Strip out all images, then restate the data verbatim.

Data provided =>
• • • • • • •

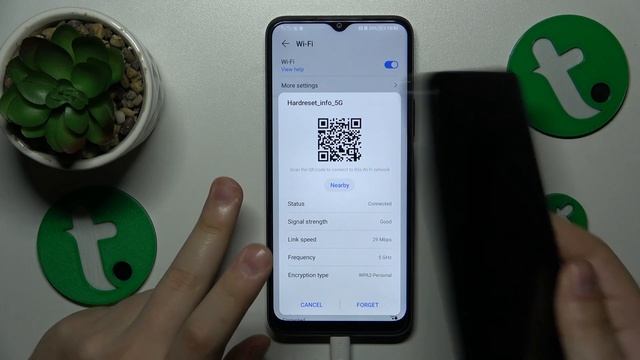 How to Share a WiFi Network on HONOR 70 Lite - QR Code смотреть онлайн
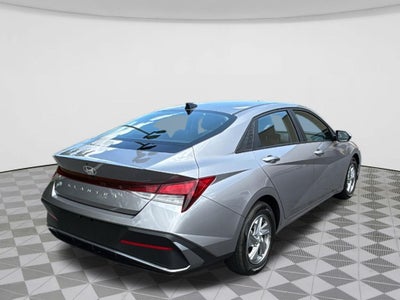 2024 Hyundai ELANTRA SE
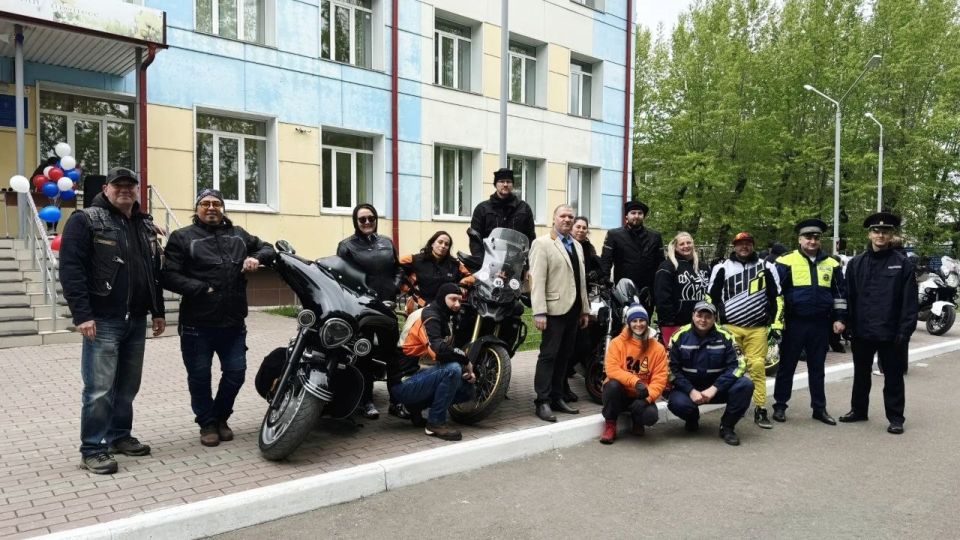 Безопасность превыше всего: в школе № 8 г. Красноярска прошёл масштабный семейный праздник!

• • • • • • •

Response below =>
 How to Share a WiFi Network on HONOR 70 Lite - QR Code смотреть онлайн
 2024 Hyundai ELANTRA SE
 Безопасность превыше всего: в школе № 8 г. Красноярска прошёл масштабный семейный праздник!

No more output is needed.